2 cups flour (I used 1 cup whole wheat)
1/2 cup dark brown sugar
1 tablespoon ground flax seed (optional)
3/4 teaspoon baking soda
1/2 teaspoon salt
1 cup chopped dark chocolate (I kept mine in big chunks)
1/3 cup oil
1/3 cup applesauce
2 medium-sized ripe bananas - mashed
2 eggs
1 teaspoon vanilla
freshly grated orange zest - to taste

Glaze:
1/4 cup dark brown sugar
1/3 cup powdered sugar
freshly grated orange zest
2-3 teaspoons orange bitters or orange juice

Preheat oven to 350F degrees. Grease and lightly flour a loaf pan.


In a large bowl, combine flour, sugar, flax, baking soda and salt. In a separate bowl, mix the rest of the ingredients except for the chocolate. Stir until well combined.

Add the wet ingredients to the dry and stir just until moistened. Fold in the chocolate chunks, again being careful not to over mix.

Pour batter into prepared pan and bake for about 50 to 60 minutes. Check it after about 30 minutes to make sure the top isn't getting too brown. Cover with foil if necessary.
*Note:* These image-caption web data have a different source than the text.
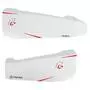 Корпус Antec Striker Phantom Gaming Edition Aluminium Open-Frame (0-761345-80033-4) - 11
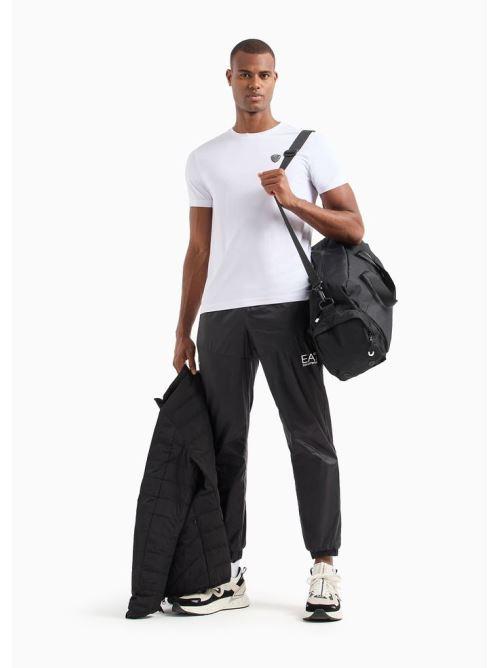 T-SHIRT 8NPT16 PJRGZ/1100 EMPORIO ARMANI EA7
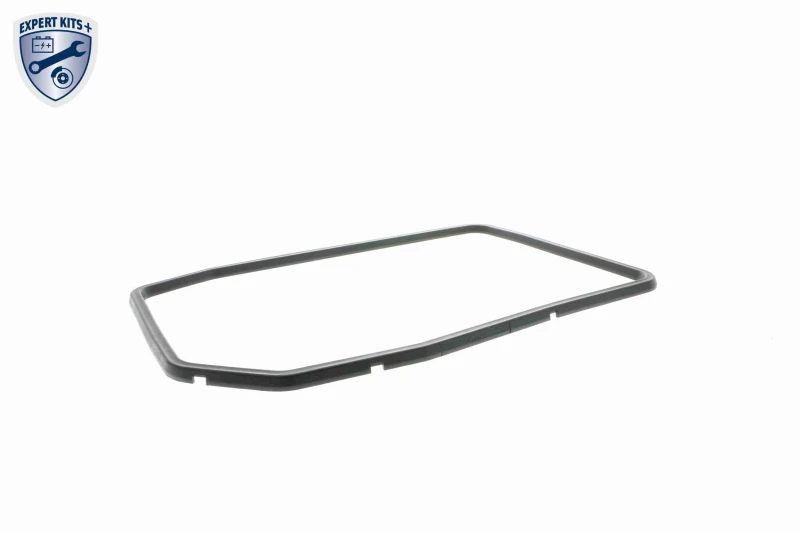 Image of VAICO V20-1479 Gaskets Original VAICO Quality Seal,automatic transmission oil pan (3106)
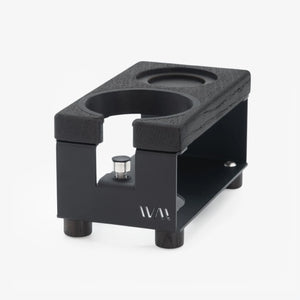 Tamper stacja długa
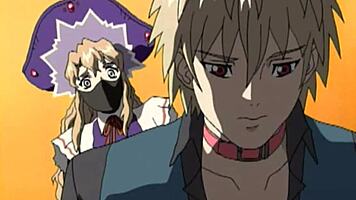 i restrained that petite 18+ teen for lezdom bdsm ass beading, fucking her hardcore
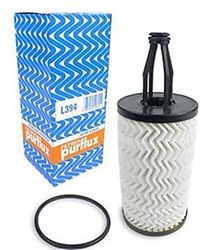 Purflux L394 Bloco do motor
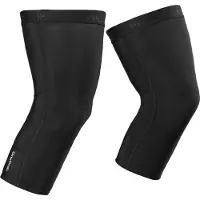 Gripgrab Pacr Thermo Knieschoner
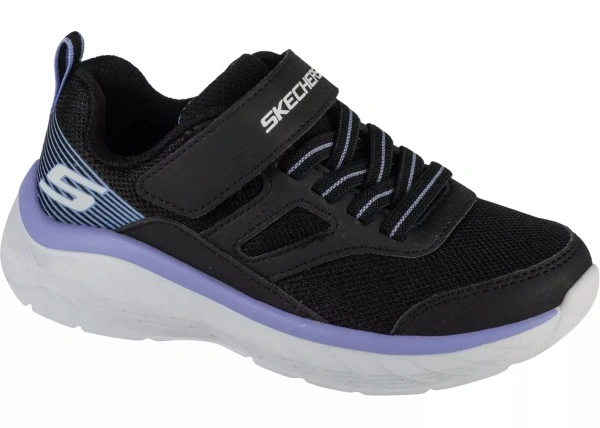 Sneakers Boundless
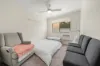 32 Pattinson Crescent, Flynn, ACT 2615-Image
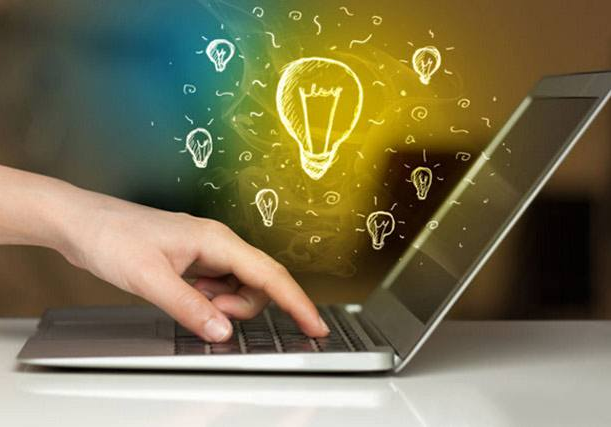 新版电子签章带来的几大优势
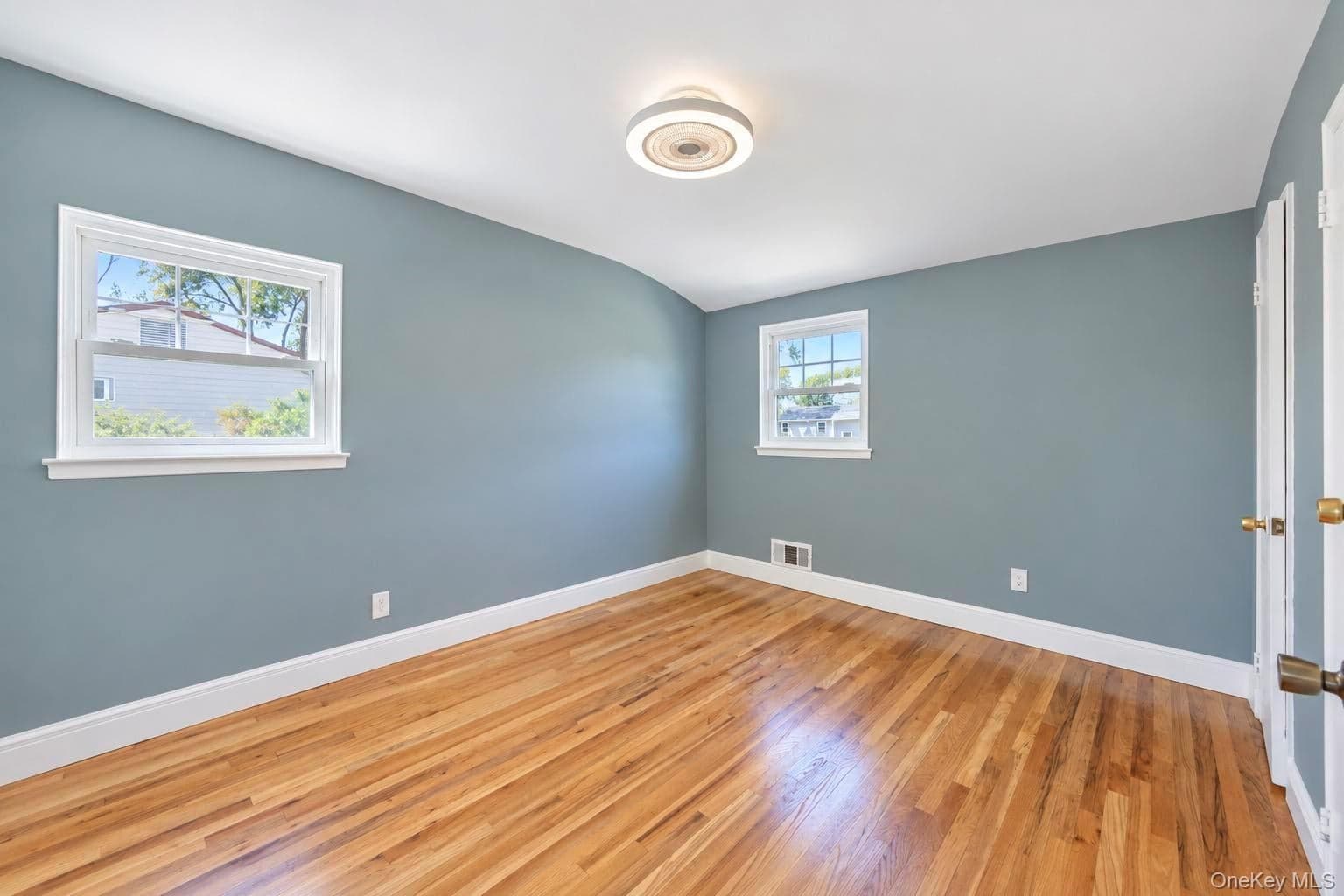 16 Berkeley Avenue thumbnail 28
While the bread is baking, whisk together all glaze ingredients. Spread glaze over bread after it has cooled, otherwise it will melt and all fall to the sides.


Monday, January 19, 2015

Avocado Peanut Butter Brownies


The secret ingredient in these super fudgy brownies -- avocado! Yep, that's right. You can't even taste it and the fat makes the brownies so creamy, especially after a day in the refrigerator. Honestly, I think these were better after sitting for a day, so plan ahead.
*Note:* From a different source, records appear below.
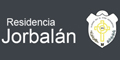 Residencia Jorbalán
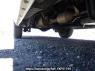 Used 2004 AT toyota hiace-van KDH200V Image[30]
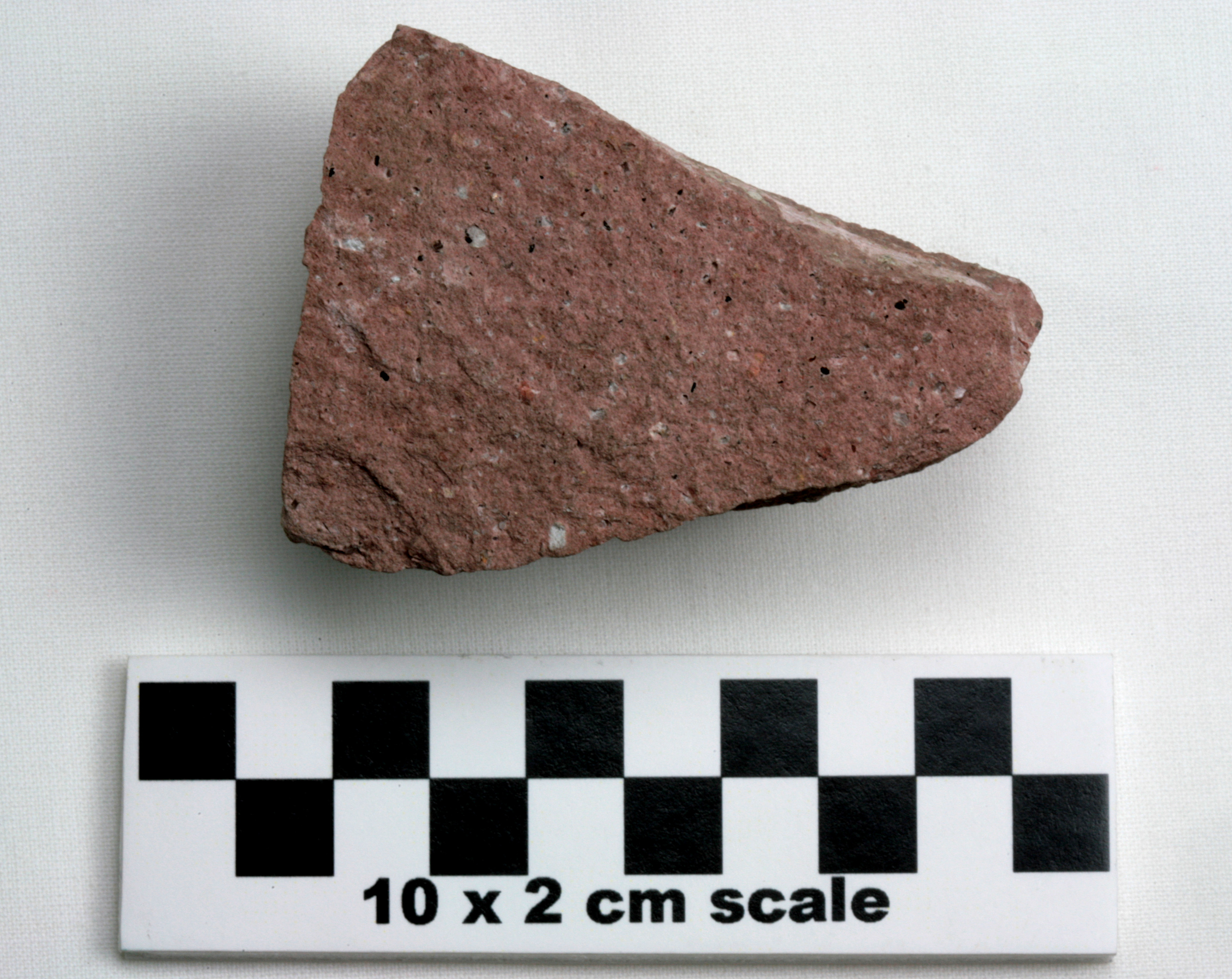 Image of item of type Coin and color N/A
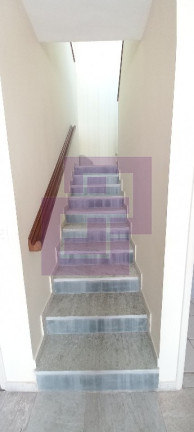 Imagem Cobertura com 3 Quartos à Venda, 240 m² em Enseada - Guarujá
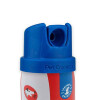 Pet Corrector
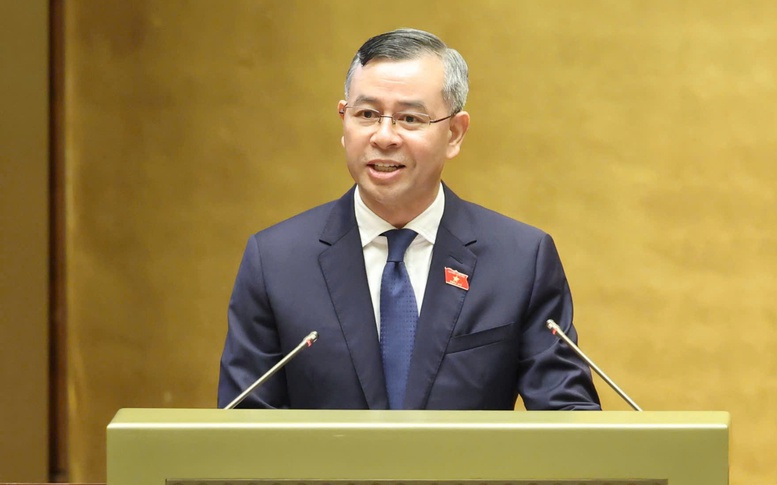 Quốc hội xem xét giảm thuế với xăng, dầu về 0 đến hết tháng 6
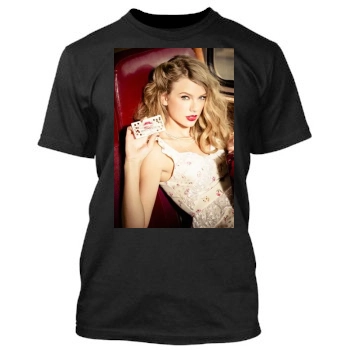 Taylor Swift Men's TShirt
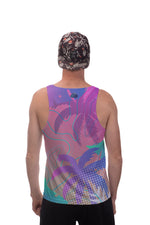 Load image into Gallery viewer, PALM Beach Volley Jersey
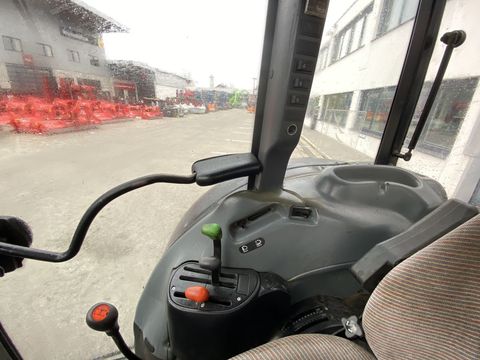 [3379-6576281-10.jpg]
Make sure to get the avocado mashed and really smooth (I used my mixer), otherwise you'll end up with chunks in your brownies. Oh yea, these are also dairy-free and egg-free, if you're into that.


The Recipe

makes one 9x13-inch pan

2 avocados
1/2 cup peanut butter
8 ounces dark chocolate chips
1 teaspoon vanilla
1 cup almond milk
2 tablespoons water (can omit if your mixture seems moist enough)
1/2 cup cocoa powder
1 3/4 cup flour (I used about 1/2 cup whole wheat)
1 teaspoon baking powder
1/2 teaspoon salt

To swirl in:
3/4 cup peanut butter
4 to 5 tablespoons powdered sugar
3 to 4 tablespoons almond milk

Topping:
4 ounces chocolate chips (optional)

Preheat oven to 350F degrees. Line a 9x13-inch pan with foil and grease slightly.

Mash the avocados really well either in a food processor or with a mixer. Melt the chocolate chips and 1/2 cup peanut butter in on low heat in the microwave. Combine with the avocado and mix well. Add vanilla, milk and water.

Combine the cocoa powder, flour, baking powder and salt. Add to the chocolate mixture. Spread in prepared pan.

Combine the peanut butter, powdered sugar and almond milk. Dollop on top of brownies and swirl in. Top with additional chocolate chips if desired.

Bake for about 30 minutes. Do not overcook. These will be best slightly underdone. There are no eggs, so nothing really has to cook.